Budget 2013: What NRIs should know about the FM's proposals
The Economic Times
Senior Tax professional
"Post-independence, overseas Indians have served as a bridge of friendship and cooperation between India and their adopted homes abroad." - said the Prime Minister, Dr. Manmohan Singh, on 8 January 2013 on the occasion of Pravasi Bharatiya Divas while emphasizing on the Government's commitment to do all that is possible to deepen their connection with India and advance their interests.
However, not much has been offered to the Non Resident Indians (NRIs) by the Finance Minister, Mr. P. Chidambaram, in the Budget 2013-14. But, he did emphasize that Foreign Direct Investment (FDI) and Foreign Institutional Investment (FII) are imperative sources to finance the estimated $75 billion current account deficit.
The Budget 2013-14 highlighted that the Indian economy is looking at sources to inject funds in various sectors crucial for revival of the growth momentum. NRIs are an important audience that can augment this financial requirement.
Some of key changes proposed in the Budget 2013-14 that may impact NRIs are discussed below:
Investment in rupee denominated long term infrastructure bonds
In last year's Budget, interest received by a non-resident on foreign currency denominated long term infrastructure bonds was subject to a concessional tax rate of 5%.

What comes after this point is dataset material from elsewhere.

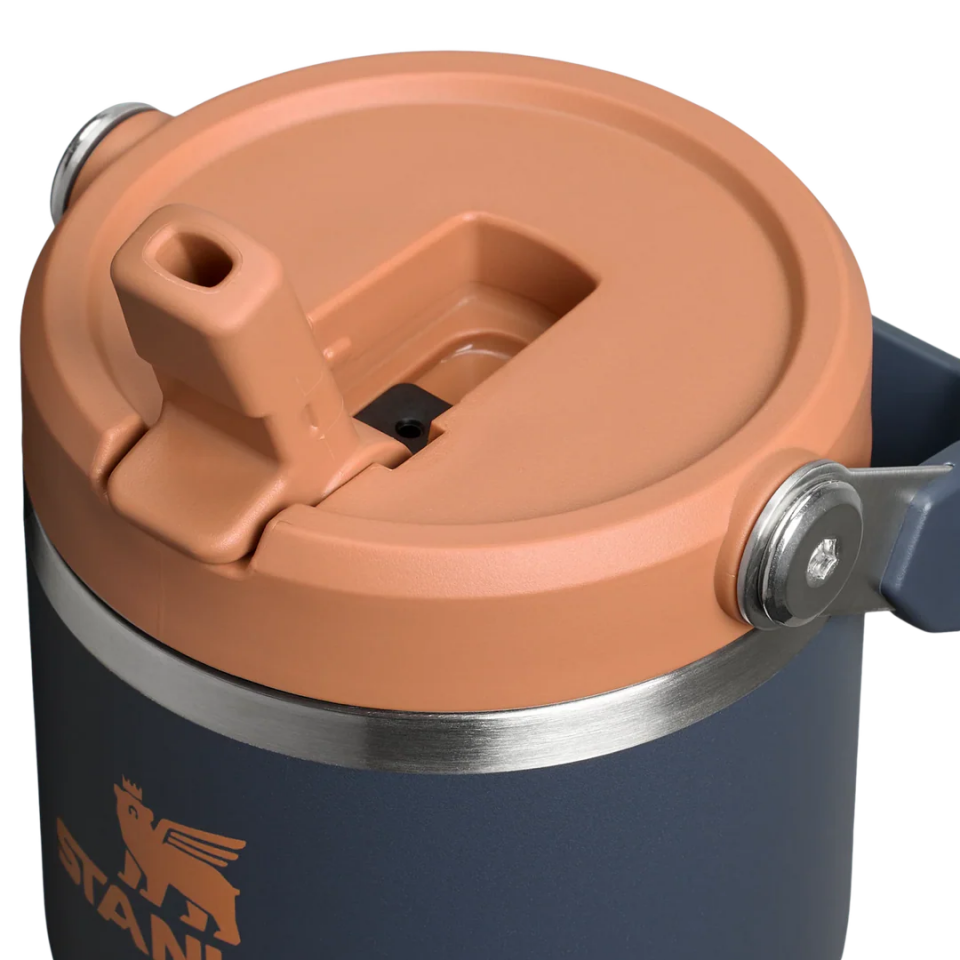 IceFlow™ Flip Straw Tumbler Pipetli Termos | 0.60 L | Lacivert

This year the Budget has proposed to extend such concession even where a non-resident deposits foreign currency in a designated bank account and such money as converted in Rupees is utilized for subscription to a long term infrastructure bond issued by an Indian company.
This will facilitate a non-resident to subscribe to rupee denominated long term infrastructure bonds issued by an Indian company in India.

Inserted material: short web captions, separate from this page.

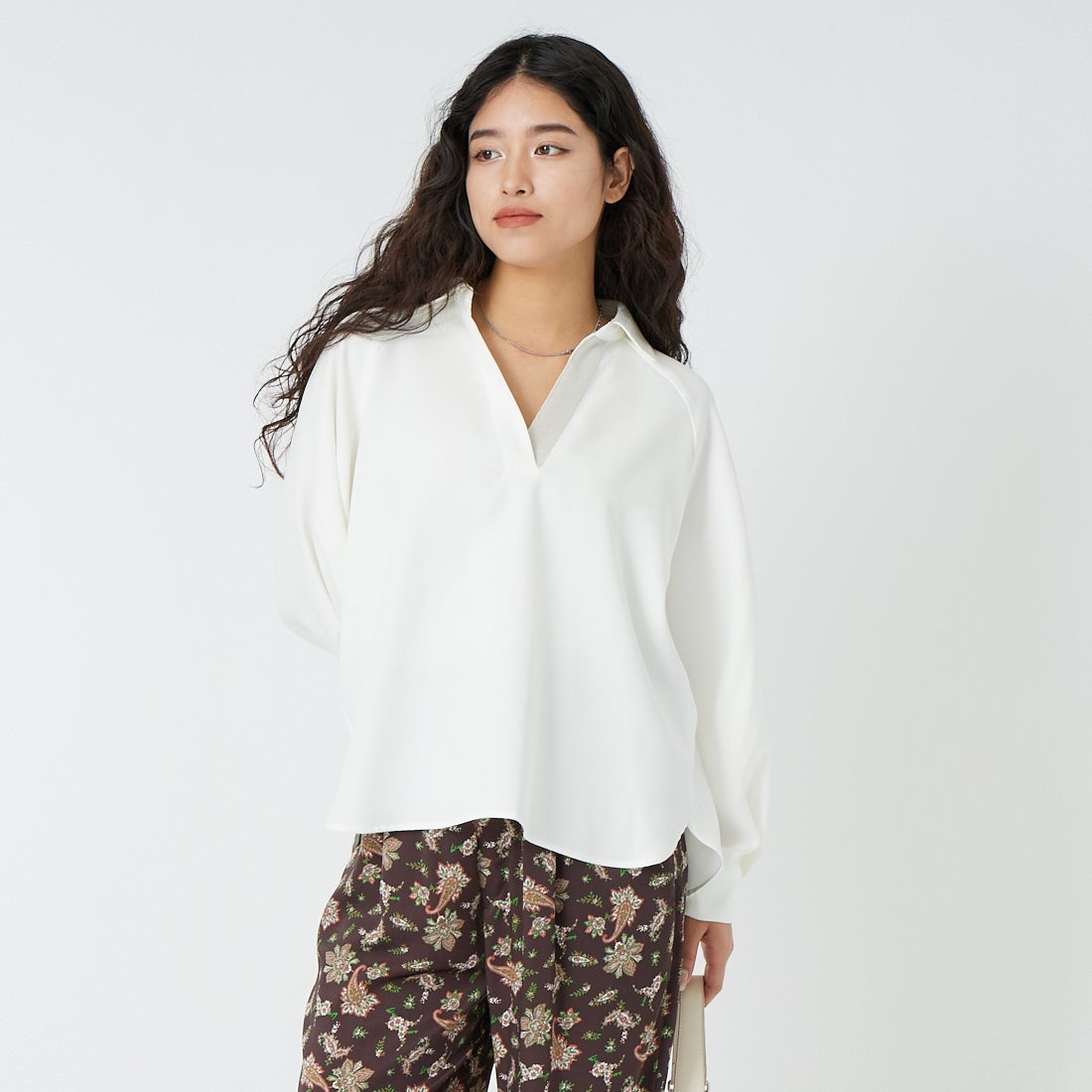 Jf Ready Made [ジェイエフレディメイド] パウダーストレッチ スキッパーブラウス [4126104] ｵﾌﾎﾜｲﾄ &&モデル身長：162cm 着用サイズ：F&&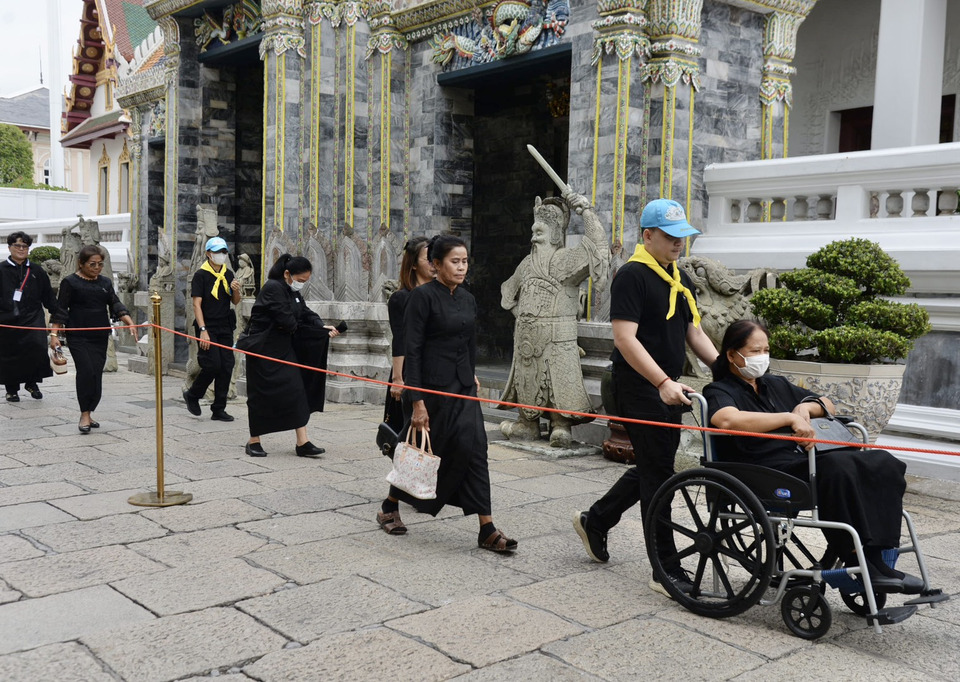 พสกนิกร กราบถวายบังคมพระบรมศพ "พระพันปีหลวง" ต่อเนื่องไม่ขาดสาย ด้วยสำนึกในพระมหากรุณาธิคุณ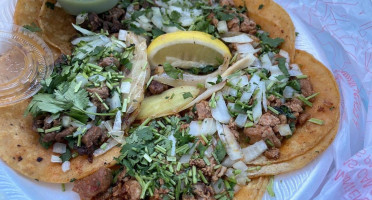 Las Chismosas Taqueria food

Investment in Infrastructure Debt Fund set up as a Mutual Fund
In order to accelerate and enhance the flow of long term debt to the infrastructure sector in India, the then Finance Minister, Mr. Pranab Mukherjee during the Budget 2011-12 speech announced the creation of special vehicles in the form of notified Infrastructure Debt Funds (IDF) to attract foreign funds for infrastructure financing.
However, the concessional tax rate of 5% was available on interest received by a non-resident from IDFs only where the IDFs were set up as Non-Banking Finance Company (NBFC).
This year budget has proposed to extend such concession even where the non-resident receives income from IDFs setup as Mutual Funds.
Investment in first home in India
An additional deduction of Rs. 100,000 has been proposed in respect of interest paid by an individual on housing loan. This additional deduction is subject to various conditions like the loan amount not to exceed Rs. 2,500,000 and the value of the property not to exceed Rs. 4,000,000. Also, the individual should not own any other house in India.
It may be a good time for NRIs to buy their first home in India.
Increased duty free allowance for jewellery
The Finance Minister rightly pointed out India's passion for gold and has proposed to increase the duty free allowance in respect of jewellery from Rs. 10,000 to Rs. 50,000 for a male passenger and Rs. 20,000 to 100,000 for a female passenger.
Now on, jewellery will definitely add to the list of gifts NRIs would bring for their family members residing in India. However, this is applicable only for NRIs living abroad for more than one year or those who are transferring their residence to India.
Increased tax liability
A surcharge of 10% on tax has been proposed for an individual whose total taxable income exceeds Rs 1 crore. This is applicable only for the Financial Year 2013-14.
Also, the tax rate for a non-resident, in respect of income from royalty and fees for technical services, is proposed to be increased from 10% to 25%. However, this may be limited by the tax rate as specified under the relevant tax treaty.
In a nutshell, while NRIs may remain financially connected to India by making investments in the country, they may also be subject to higher taxation. Indeed, the Budget 2013-14 turns out to be a mixed bag for them.